The New Yorker Zachary Levy’s Strongman, which opens on Wednesday at the IFC Center advance tickets go on sale tonight), is about the life and struggles of New Jersey strongman Stanless Steel, who can bend coins with his fingers. We emailed with Levy—who financed the film in large part by designing and selling a deck of Bush administration playing cards—to discuss, among other things, how documentary subjects actually feel about their lives.
How’d you find Stanless Steel, the titular strongman?

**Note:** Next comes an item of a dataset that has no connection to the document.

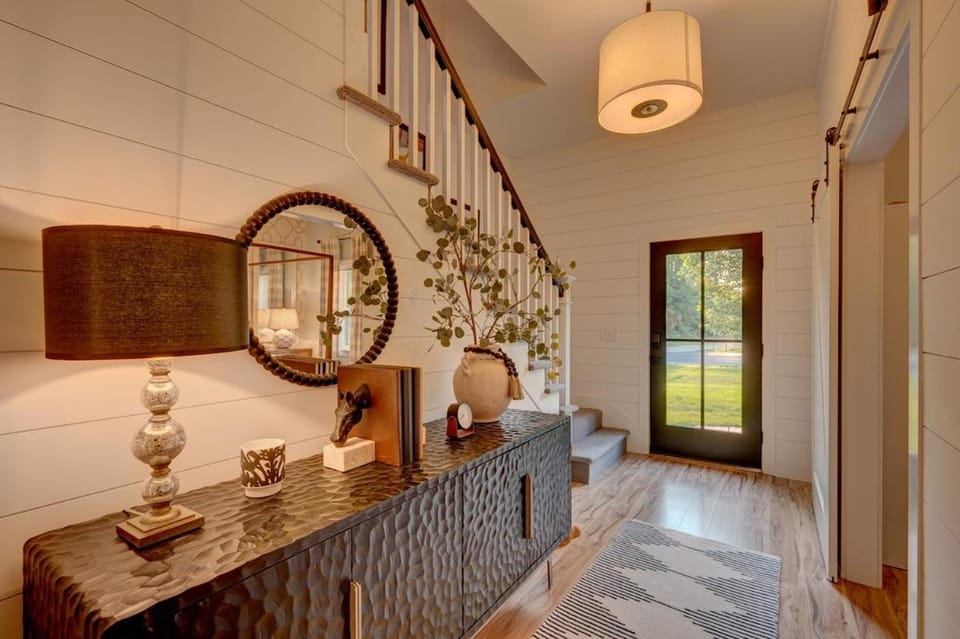 The Nest Luxury Retreat Steps from Owl's Nest House in Campton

At the time, I was doing a lot of freelance camerawork and one day I got a call from a stunt show to go down to the Princeton airport. When I got there, I saw Stan with each arm tied to a Cesna 172 airplane and the planes trying to take off in opposite directions. It was a pretty fabulous stunt—but as soon as I went back to his house, I understood that there were layers to his life even more interesting than just his physical strength.
And I understand the film took about ten years to get off the ground—what’s it like following a subject for that long?

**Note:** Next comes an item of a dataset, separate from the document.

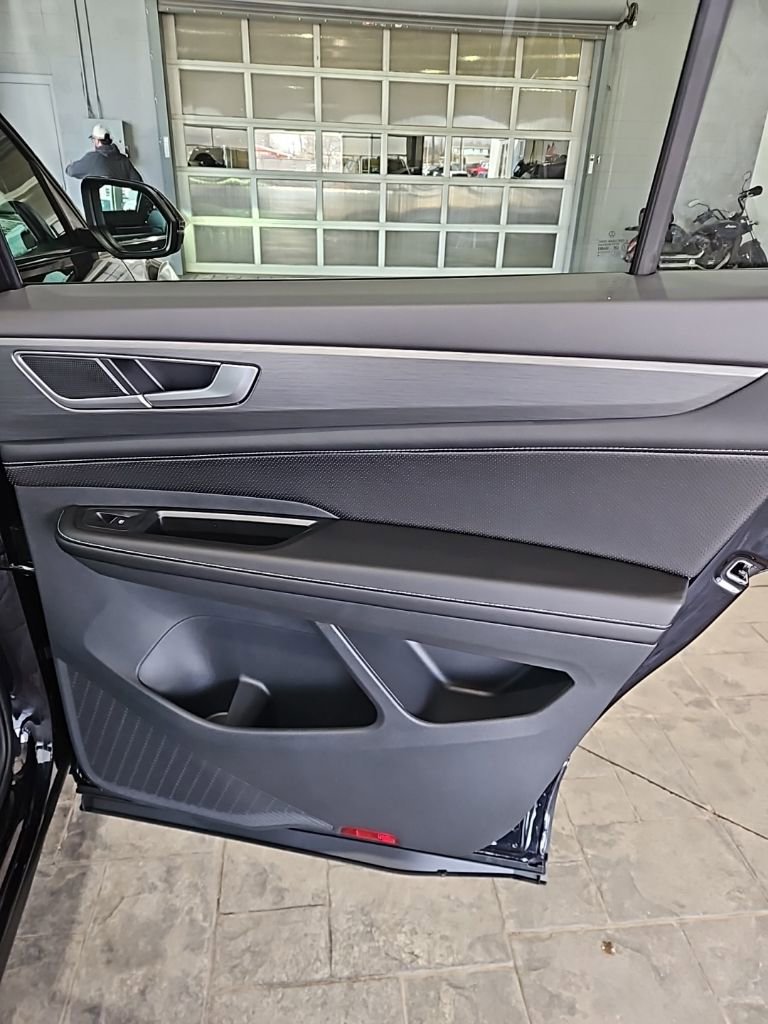New 2026 Volkswagen Atlas Cross Sport SE FWD image 15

Well it actually got off the ground quickly—I started shooting about a month and half after meeting Stan— but I guess it just took a long time to land. But yeah, no question, working that long on something is hard. It’s kind of like running a marathon but you’re never sure where the finish line is.
Your film has been called “touching” and “a metaphor for the American Dream—in general, do you find that documentary subjects agree with filmmakers or critics about the tragic pathos of their life stories?

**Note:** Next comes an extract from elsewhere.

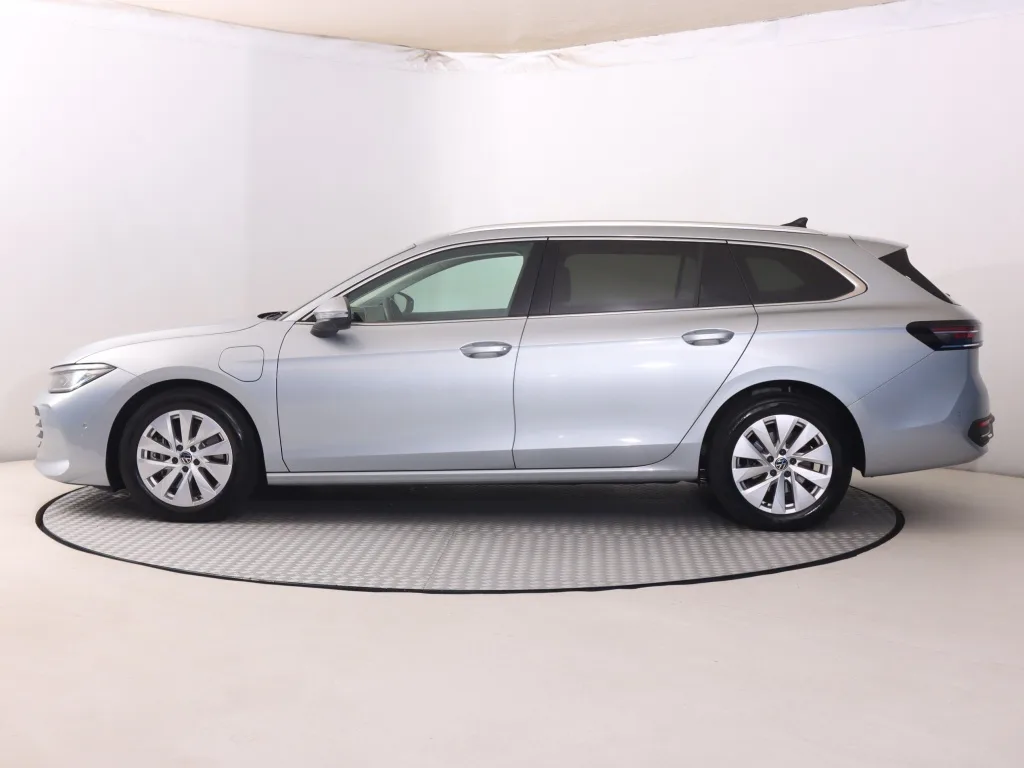 Volkswagen Passat 1.5 eTSI, Foto 8 von 30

In general, I’d say no—these are real people who are living their lives the same way the rest of are. Like most of us, I think the people in documentaries are usually thinking more about what’s on their grocery list and getting the laundry done than about if they are metaphors for something bigger than themselves.
Even as a filmmaker too—to be honest, I’m not really thinking about that stuff. That’s the kind of analysis which comes later. While I’m shooting, I’m really working on the most basic level which is just making sure the notes ring true to what’s going on. I think a lot of filmmakers do try to fit their subjects into some kind of predetermined arc, and that’s when for me the films become hollow-feeling—the characters are just metaphors then, not people. I think when they are people first, that’s when, as characters, they have enough weight that people can see bigger things in them.
What are the challenges and rewards of self-distributing?
Well, hmmn, the challenges part is definitely easier to answer—I’m my own film booker, pr person, bill collector, messenger, flyer-person, web-site poster, etc… The rewards, well, I guess it depends on how many people come out. It’s like buying your vegetables straight from the farmer.
Are the Bush playing cards still selling briskly enough to finance your next film, or are you looking at other options?
Happy to say they aren’t selling at all.